▸ **The data**
<<<<

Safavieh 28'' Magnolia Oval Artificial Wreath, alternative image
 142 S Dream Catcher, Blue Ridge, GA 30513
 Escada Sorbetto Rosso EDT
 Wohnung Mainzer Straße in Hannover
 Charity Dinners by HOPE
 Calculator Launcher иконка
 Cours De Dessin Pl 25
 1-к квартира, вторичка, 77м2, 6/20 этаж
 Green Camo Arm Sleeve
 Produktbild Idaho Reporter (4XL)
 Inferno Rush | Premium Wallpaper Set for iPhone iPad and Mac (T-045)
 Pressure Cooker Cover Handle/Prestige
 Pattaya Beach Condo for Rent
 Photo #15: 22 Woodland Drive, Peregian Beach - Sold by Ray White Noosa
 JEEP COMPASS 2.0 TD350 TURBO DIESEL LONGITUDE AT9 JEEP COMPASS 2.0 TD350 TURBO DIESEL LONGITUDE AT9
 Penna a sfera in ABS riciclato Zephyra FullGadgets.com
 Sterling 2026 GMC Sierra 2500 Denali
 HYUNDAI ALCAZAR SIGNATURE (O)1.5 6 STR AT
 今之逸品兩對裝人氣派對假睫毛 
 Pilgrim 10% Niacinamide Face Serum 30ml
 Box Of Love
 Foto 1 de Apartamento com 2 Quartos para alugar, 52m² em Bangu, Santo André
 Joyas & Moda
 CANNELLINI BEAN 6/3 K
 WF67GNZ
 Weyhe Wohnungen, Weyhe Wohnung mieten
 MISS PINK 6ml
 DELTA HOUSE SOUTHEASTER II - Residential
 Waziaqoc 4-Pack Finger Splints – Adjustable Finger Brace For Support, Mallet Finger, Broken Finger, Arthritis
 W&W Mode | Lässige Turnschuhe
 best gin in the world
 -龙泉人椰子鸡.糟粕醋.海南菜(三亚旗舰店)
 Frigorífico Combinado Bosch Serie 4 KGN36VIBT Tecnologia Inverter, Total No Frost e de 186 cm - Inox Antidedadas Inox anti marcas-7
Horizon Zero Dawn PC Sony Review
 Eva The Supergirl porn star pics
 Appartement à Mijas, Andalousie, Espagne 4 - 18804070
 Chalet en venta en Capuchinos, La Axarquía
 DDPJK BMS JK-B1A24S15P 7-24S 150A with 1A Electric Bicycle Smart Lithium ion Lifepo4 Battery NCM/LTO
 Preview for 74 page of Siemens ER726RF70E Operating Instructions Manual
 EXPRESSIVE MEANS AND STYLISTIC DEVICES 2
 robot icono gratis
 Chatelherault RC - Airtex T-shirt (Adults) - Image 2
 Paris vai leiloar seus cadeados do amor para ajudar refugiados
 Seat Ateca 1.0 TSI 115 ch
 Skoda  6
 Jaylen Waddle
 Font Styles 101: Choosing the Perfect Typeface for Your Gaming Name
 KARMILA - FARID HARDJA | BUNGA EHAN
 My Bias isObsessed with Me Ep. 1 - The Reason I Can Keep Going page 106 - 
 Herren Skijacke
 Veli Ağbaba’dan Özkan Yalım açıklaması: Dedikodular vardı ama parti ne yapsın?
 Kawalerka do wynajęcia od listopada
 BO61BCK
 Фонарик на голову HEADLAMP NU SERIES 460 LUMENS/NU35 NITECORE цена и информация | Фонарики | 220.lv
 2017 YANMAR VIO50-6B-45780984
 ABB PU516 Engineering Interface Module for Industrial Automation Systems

>>>>

▸ **Task instructions**
Your task is to copy each line of the entries that includes the word "Beach".

▸ **Your solution**
 Pattaya Beach Condo for Rent
 Photo #15: 22 Woodland Drive, Peregian Beach - Sold by Ray White Noosa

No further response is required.